There was a series of movies featuring Francis the talking mule.  Francis, speaking in a low pitched, scratchy Bill Clinton voice, shared his analytical knowledge to fix a perplexing dilemma.  He had all the answers and told the main character how to get himself out of bad predicaments.  I remember one where  Francis joined the army (they used mules back then) and another movie where he joined the WACS, the female branch of the army.   Take a gander at  these movies on Youtube.    

Those movies taught me, a kid in elementary school,  that mules were clever and a good friend—Francis always had good ideas.  He was a faithful friend.  He was strong and a fighter for justice. He was the Jesse Venture of Muledom.  Hollywood humanized a mule, the same as Disney humanized a mouse and a duck.  I was an impressionable and Hollywood had me hooked.

Later there was a television series featuring Mr. Ed, the talking horse.   Mr. Ed even managed to talk on the phone in one episode where his owner had a party line installed.  (We had those in the 50's, where you shared the line with other homes and knew the sound of your ring to answer.)  A Young Clint Eastwood starred in one of those shows.  He actually did a lot of speaking, different than the gun slinging cowboy in those spaghetti westerns.  YouTube has these, too.

Join me at my table, I have a surprise for you.  Donkey meat, will arrive and it is called musso, in Veneto, the dialect of the area surrounding Venice.  Musso is a specialty dish found in this region.  They cook it for hours, like a stew,  in a red sauce and then serve it on soft polenta.  When I have  guests stay at my home, I take them to a trattoria up in the hills so they have a chance to play Andrew Zimmern and choose Musso.  Most of them dive in with  great apprehension but come up smiling.  I have to admit that on a cold winter night it is a choice I would consider, but I try not to think of Francis and his descendants.
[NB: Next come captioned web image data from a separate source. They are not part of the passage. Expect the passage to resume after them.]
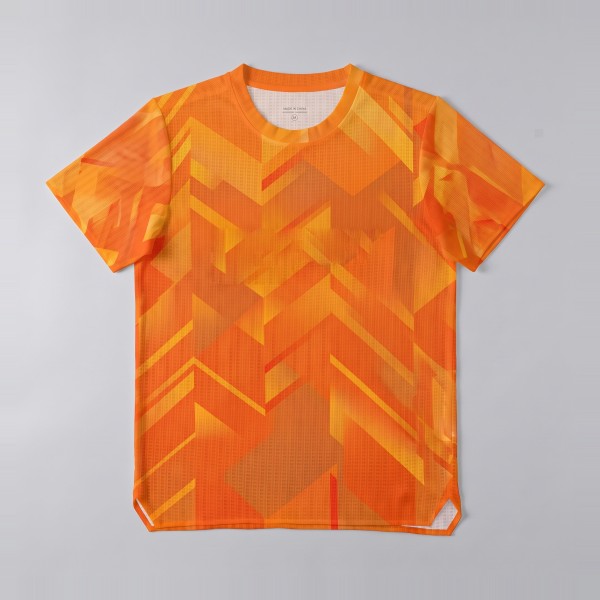 Printed Running Tee in Flame Arrow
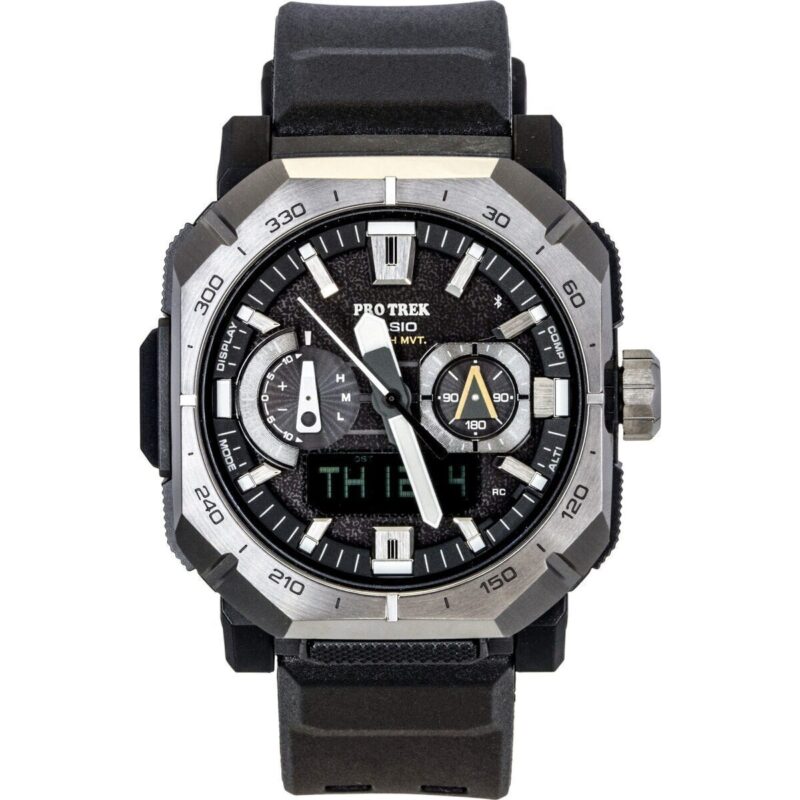 Casio Pro Trek Analog Digital Smartphone Link Black Rubber Strap Black Dial Solar PRW-B1000-1 100M Men's Watch Casio Pro Trek Analog Digital Smartphone Link Black Rubber Strap Black Dial Solar PRW-B1000-1 100M Men's Watch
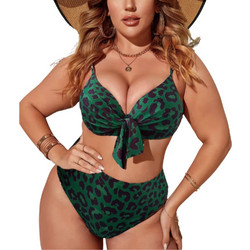JUNGLE GLAM Plus Size Μπικίνι λεοπάρ με φιόγκο και ενίσχυση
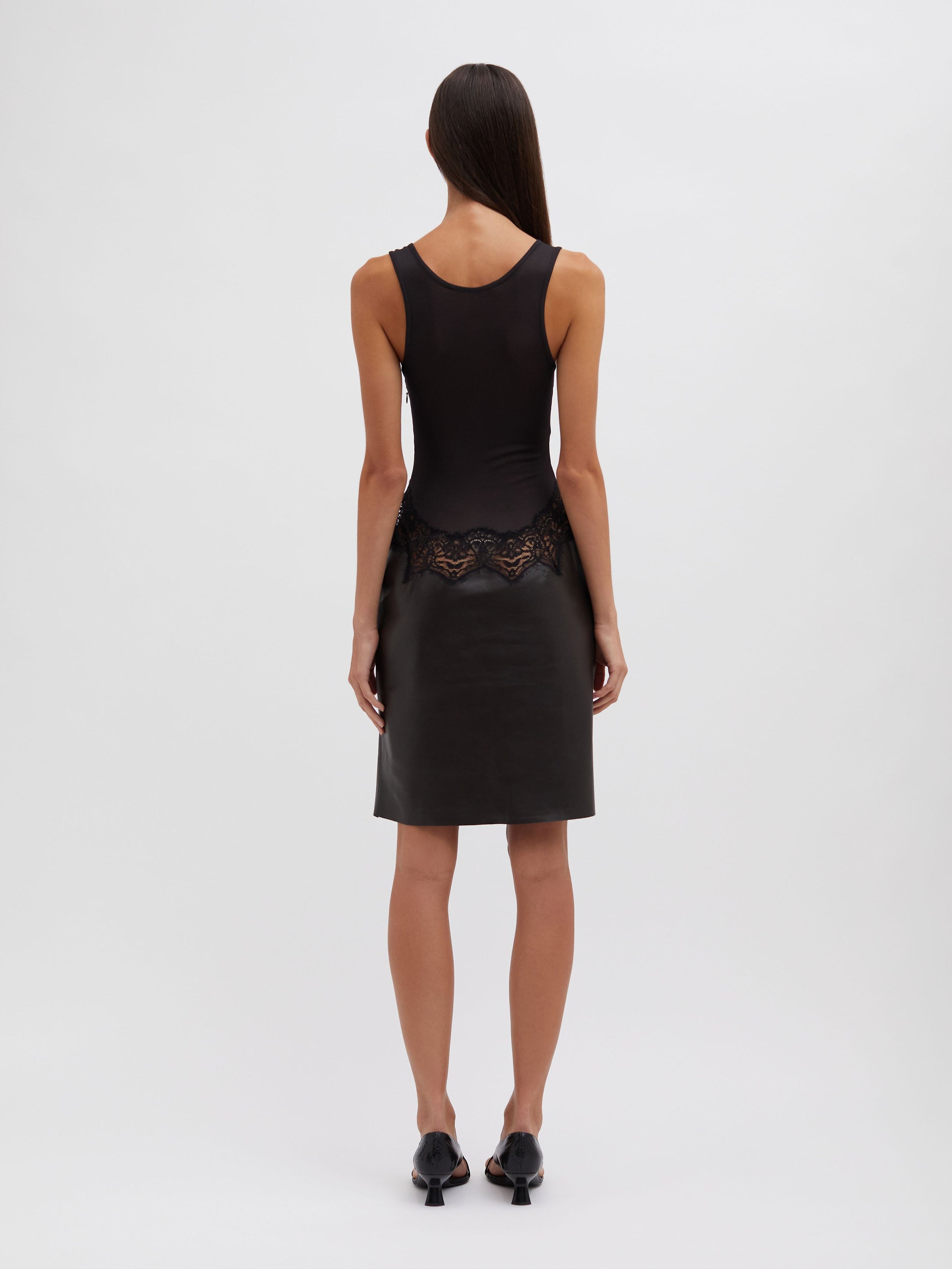 Ribbed Leather Tank Dress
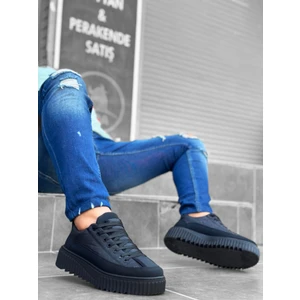 BA0801 Boa Siyah Yüksek Taban Siyah Paraşüt Kumaş Cilt Detaylı Erkek Ayakkabı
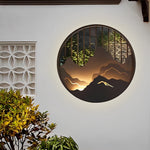 Round Mountain Scenery LED Waterproof Outdoor Wall Sconce Lighting - Lamp Outdoor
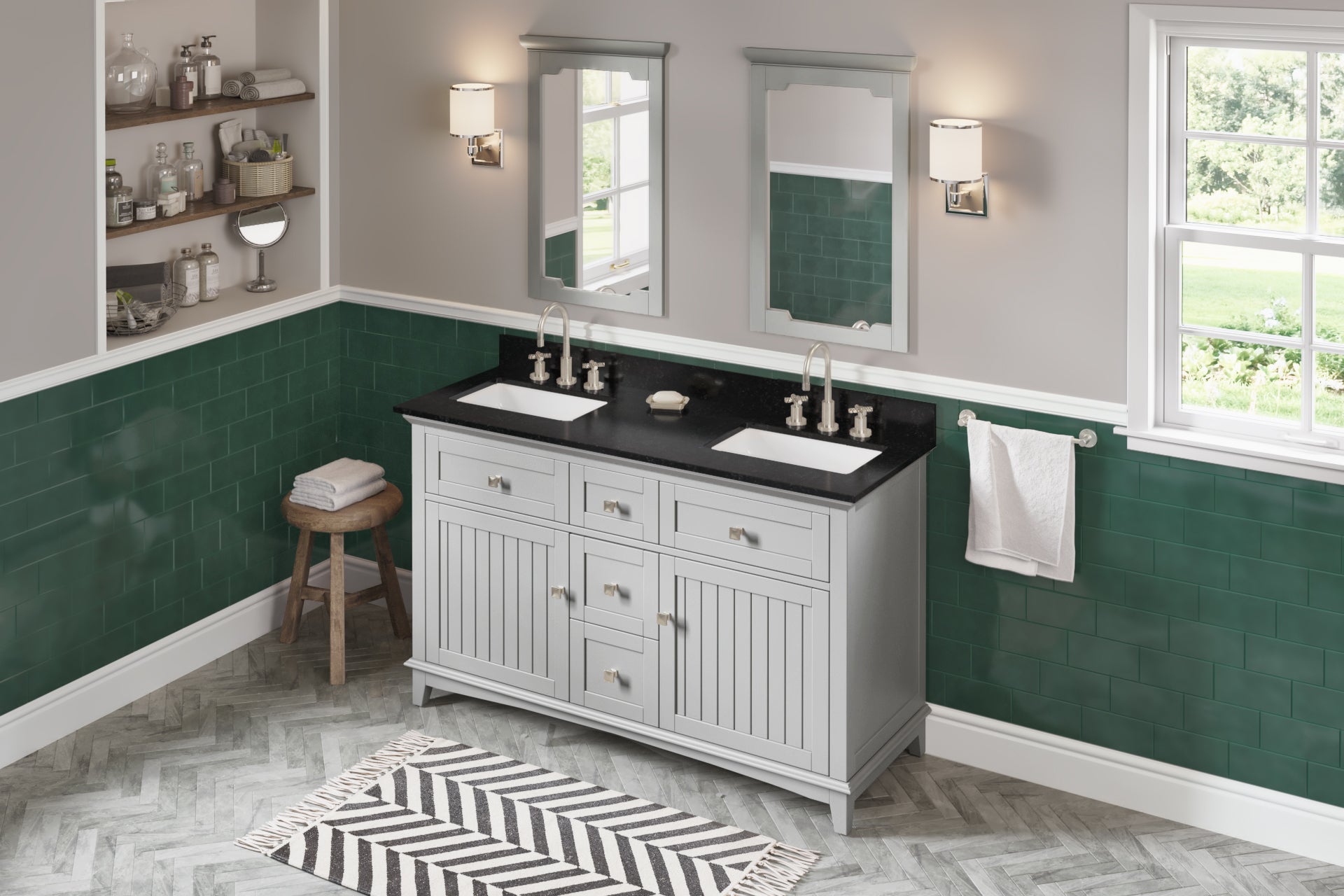 60" Grey Savino Vanity, double bowl | KitchBath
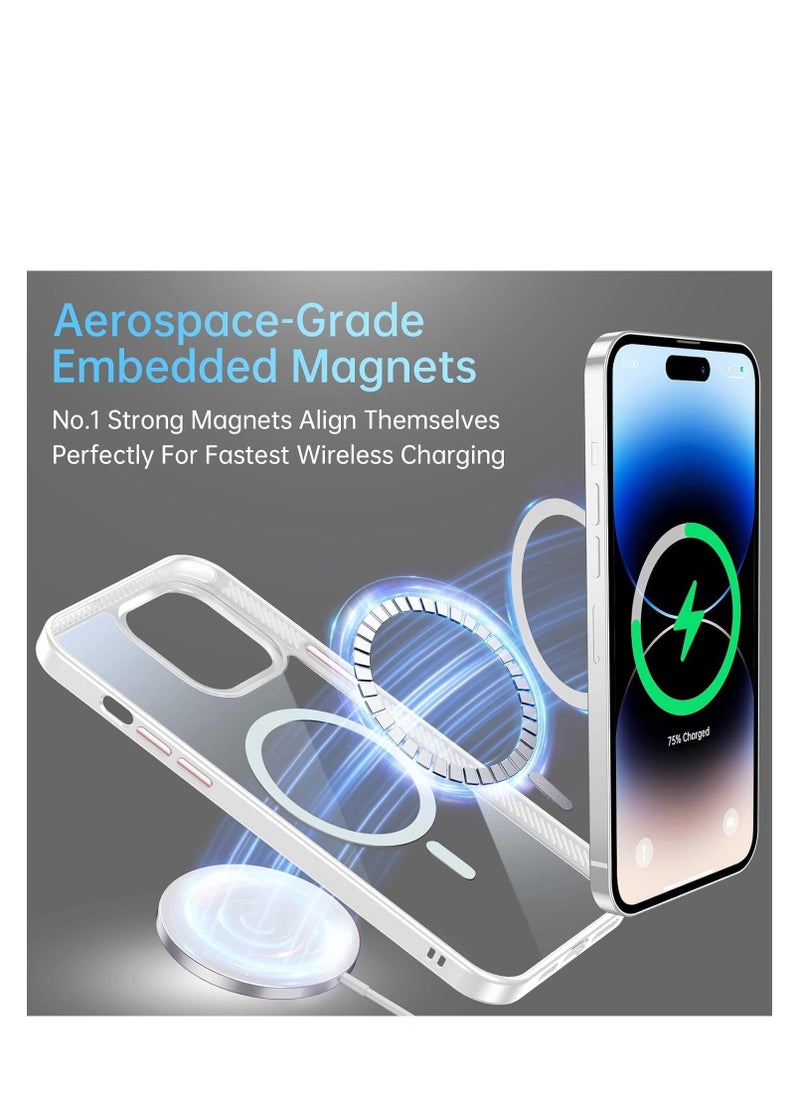 Generic Built in Magnets Compatible with MagSafe Clear Hard PC Back Cover Soft TPU Frame Shockproof Protective Slim Bumper Case for iPhone11 pro white  - Image 4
When tourists come to see Venice they usually stay for two days and then move on to Florence and Rome.  In this short time they want to know more about Venice and experience its beauty.  They want to experience the food of Venice.  They will see liver and onions on a menu , but I doubt they would choose that dish, nor cavallo, or musso,  all famous in Venice.   Maybe this post has helped you know a little more about the Veneto, and someday after your gondola ride you will brave the menu and try one of these specialties enjoyed by the people here.